Work required »
Return the listing in full and exactly, but without a single picture.

Raw data »
══════════════════════════════
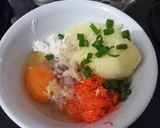 Foto langkah ke 3 dari resep Perkedel ayam (start 8+).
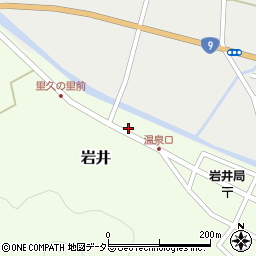 鳥取県岩美郡岩美町岩井424周辺の地図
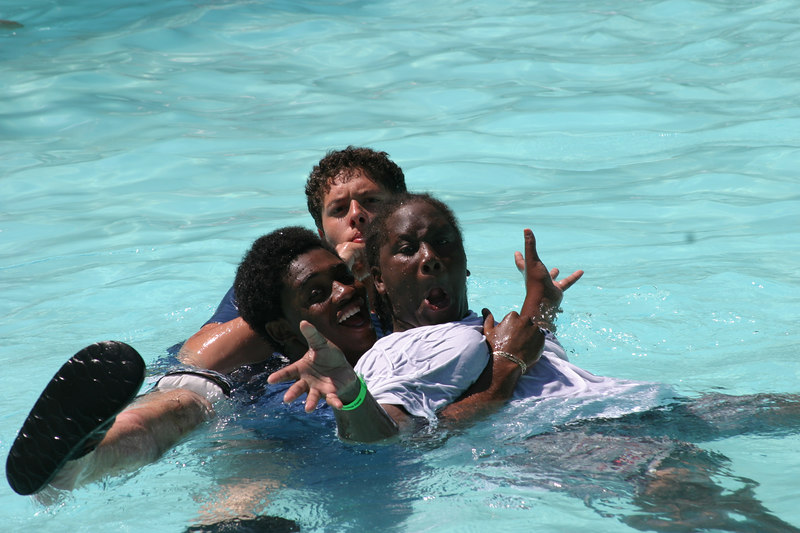 BurnFoundation > Champ Camp 2006 Tues to Fri photo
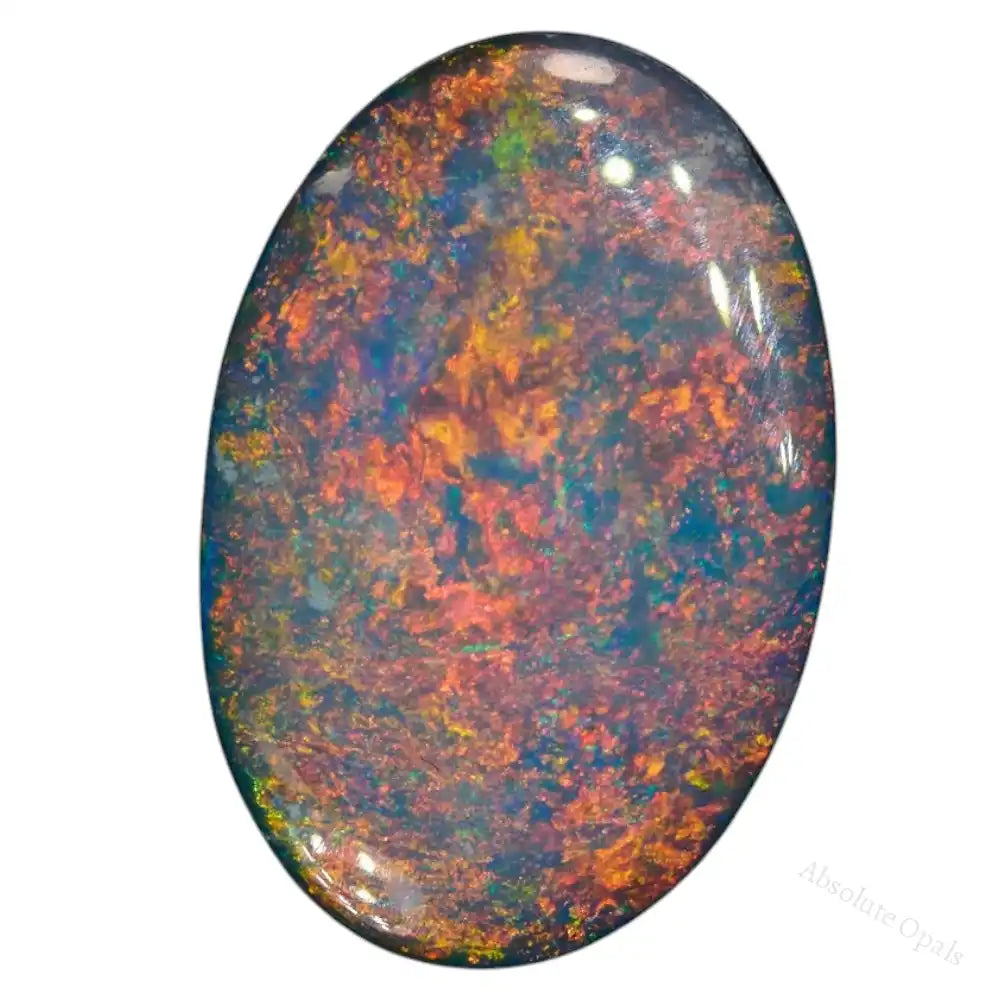 1.25 cts Doublet Opal Stone Lightning Ridge Doublet Opal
══════════════════════════════
Response to the exercise »
 Foto langkah ke 3 dari resep Perkedel ayam (start 8+).
 鳥取県岩美郡岩美町岩井424周辺の地図
 BurnFoundation > Champ Camp 2006 Tues to Fri photo
 1.25 cts Doublet Opal Stone Lightning Ridge Doublet Opal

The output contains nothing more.